Configure an End-to-End Pipeline for EchoKit
In addition to the classic ASR-LLM-TTS pipeline, EchoKit supports real-time models that can reduce latency. However, this approach has several limitations:
- High API costs – OpenAI's real-time API can cost up to $25 per 100 tokens
- No voice customization – You cannot modify the generated voice
- Limited knowledge integration – External knowledge bases cannot be added to the model
- No MCP support – Model Control Protocol is not supported in most cases
Prerequisites
Before setting up your end-to-end pipeline, ensure you have:
- EchoKit server source code – Follow the guide if you haven't already
- Gemini API key – Obtain from Google AI Studio
- TTS service running (optional) – If using custom voice synthesis
Gemini API Setup
Google's Gemini is one of the most advanced models supporting voice-to-voice interactions, and EchoKit fully supports it. For detailed implementation, see the Gemini example.
Getting Your Gemini API Key
- Visit Google AI Studio
- Sign in with your Google account
- Navigate to "Get API Key" in the left sidebar
- Create a new API key for your project
- Copy the key – you'll need it for the configuration
Basic Configuration
Here's the complete configuration file for Gemini:
addr = "0.0.0.0:9090"
hello_wav = "hello.wav"
[gemini]
api_key = "your_api_key_here"
[[gemini.sys_prompts]]
role = "system"
content = """
You are a helpful assistant. Please answer user questions as concisely as possible while being accurate and truthful. Use short sentences. Try to be humorous and light-hearted.
"""
Starting the Server
After editing the configuration file, restart the EchoKit server to apply the changes.

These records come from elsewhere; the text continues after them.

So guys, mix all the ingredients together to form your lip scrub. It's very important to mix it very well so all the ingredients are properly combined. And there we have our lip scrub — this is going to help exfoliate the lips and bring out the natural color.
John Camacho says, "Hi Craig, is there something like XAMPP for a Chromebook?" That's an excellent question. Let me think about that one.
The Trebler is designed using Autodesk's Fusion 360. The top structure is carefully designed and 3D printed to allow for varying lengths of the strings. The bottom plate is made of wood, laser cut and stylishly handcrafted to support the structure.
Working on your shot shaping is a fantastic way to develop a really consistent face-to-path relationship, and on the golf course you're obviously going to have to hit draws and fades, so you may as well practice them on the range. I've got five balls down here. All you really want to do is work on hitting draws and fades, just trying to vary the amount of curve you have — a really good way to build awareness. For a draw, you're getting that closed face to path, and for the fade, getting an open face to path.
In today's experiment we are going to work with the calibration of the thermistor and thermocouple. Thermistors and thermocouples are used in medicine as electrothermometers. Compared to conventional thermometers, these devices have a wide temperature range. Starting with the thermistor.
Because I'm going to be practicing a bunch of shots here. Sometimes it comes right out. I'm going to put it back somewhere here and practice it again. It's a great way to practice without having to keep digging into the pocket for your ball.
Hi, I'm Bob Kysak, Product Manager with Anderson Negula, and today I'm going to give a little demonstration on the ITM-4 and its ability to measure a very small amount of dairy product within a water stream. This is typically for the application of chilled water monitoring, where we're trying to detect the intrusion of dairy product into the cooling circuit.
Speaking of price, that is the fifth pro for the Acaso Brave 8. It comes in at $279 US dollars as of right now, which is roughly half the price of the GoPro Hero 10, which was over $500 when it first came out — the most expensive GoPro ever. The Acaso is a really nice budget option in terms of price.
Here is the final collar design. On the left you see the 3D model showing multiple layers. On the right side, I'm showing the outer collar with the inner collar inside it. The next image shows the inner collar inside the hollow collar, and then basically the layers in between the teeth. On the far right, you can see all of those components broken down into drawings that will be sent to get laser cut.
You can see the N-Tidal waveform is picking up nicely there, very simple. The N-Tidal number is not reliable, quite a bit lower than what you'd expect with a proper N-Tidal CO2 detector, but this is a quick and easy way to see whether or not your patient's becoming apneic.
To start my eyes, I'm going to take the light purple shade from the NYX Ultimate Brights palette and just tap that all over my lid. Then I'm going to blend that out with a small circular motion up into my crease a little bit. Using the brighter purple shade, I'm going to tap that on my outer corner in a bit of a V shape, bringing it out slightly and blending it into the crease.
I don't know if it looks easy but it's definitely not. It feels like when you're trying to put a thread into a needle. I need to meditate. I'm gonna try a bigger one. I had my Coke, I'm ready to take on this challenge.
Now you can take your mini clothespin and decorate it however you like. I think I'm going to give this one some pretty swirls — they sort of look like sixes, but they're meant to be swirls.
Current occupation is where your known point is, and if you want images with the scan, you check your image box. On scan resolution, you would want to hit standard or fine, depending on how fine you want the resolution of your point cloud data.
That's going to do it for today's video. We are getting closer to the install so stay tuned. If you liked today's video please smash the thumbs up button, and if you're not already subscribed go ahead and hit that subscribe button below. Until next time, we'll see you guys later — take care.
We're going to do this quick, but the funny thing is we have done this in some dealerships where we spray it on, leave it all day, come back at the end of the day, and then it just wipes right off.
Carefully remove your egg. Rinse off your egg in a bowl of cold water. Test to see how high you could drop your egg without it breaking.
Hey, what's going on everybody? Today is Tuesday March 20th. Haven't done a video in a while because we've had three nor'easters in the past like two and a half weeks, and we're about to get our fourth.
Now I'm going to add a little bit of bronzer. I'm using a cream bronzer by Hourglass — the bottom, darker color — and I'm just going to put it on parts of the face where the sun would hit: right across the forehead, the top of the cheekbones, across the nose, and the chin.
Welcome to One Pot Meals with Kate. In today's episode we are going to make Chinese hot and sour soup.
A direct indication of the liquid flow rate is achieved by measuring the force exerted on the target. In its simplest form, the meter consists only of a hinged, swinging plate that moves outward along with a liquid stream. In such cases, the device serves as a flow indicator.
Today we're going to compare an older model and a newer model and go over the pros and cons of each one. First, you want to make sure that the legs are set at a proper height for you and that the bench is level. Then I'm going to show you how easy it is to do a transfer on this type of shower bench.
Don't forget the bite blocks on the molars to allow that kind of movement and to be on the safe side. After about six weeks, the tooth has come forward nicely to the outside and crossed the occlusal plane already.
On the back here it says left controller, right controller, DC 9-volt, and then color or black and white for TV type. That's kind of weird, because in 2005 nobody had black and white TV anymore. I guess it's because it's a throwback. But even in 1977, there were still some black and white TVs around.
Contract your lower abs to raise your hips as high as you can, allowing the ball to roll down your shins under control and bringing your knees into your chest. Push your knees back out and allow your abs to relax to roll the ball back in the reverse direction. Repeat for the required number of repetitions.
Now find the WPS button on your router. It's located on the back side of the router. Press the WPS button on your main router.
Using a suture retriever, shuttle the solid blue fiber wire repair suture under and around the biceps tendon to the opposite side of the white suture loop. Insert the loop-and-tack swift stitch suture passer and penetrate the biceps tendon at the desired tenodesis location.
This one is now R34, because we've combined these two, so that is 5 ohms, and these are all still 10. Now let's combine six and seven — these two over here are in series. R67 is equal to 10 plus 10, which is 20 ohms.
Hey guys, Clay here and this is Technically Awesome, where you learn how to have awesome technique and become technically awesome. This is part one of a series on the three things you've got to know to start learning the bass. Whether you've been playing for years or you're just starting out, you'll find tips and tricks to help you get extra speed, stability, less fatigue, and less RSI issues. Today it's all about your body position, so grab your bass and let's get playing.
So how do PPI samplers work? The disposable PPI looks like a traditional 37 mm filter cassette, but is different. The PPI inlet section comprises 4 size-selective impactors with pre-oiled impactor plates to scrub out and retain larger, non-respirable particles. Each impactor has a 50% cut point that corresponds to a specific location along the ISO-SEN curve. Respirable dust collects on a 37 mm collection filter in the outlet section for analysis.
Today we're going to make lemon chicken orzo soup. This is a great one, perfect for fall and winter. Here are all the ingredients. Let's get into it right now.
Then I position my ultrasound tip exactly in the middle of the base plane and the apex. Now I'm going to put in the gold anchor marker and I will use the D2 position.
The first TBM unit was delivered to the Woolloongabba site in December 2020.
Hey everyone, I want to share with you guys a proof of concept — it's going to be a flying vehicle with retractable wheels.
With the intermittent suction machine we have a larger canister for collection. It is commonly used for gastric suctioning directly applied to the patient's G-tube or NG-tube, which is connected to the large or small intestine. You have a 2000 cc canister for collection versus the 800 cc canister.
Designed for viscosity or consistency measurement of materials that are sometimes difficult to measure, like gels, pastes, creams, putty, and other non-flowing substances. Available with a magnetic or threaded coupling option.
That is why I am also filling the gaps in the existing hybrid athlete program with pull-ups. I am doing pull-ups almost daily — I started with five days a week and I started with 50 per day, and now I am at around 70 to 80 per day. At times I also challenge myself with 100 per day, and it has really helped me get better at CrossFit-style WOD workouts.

Since you're using a different config.toml
file in a custom path, your restart command should look like this:
./target/release/echokit_server ./examples/gemini/chat/config.toml
Gemini + TTS (Custom Voice)
While real-time models typically don't allow voice customization, EchoKit enables you to customize the voice even when using Gemini!
Configuration with Custom TTS
Simply add TTS-related parameters to your config.toml
file:
addr = "0.0.0.0:9090"
hello_wav = "hello.wav"
[gemini]
api_key = "your_api_key_here"
[tts]
platform = "StreamGSV"
url = "http://localhost:9094/v1/audio/stream_speech"
speaker = "cooper"
[[gemini.sys_prompts]]
role = "system"
content = """
You are a helpful assistant. Please answer user questions as concisely as possible while being accurate and truthful. Use short sentences. Try to be humorous and light-hearted.
"""
With these TTS settings configured, you can now use your preferred custom voice.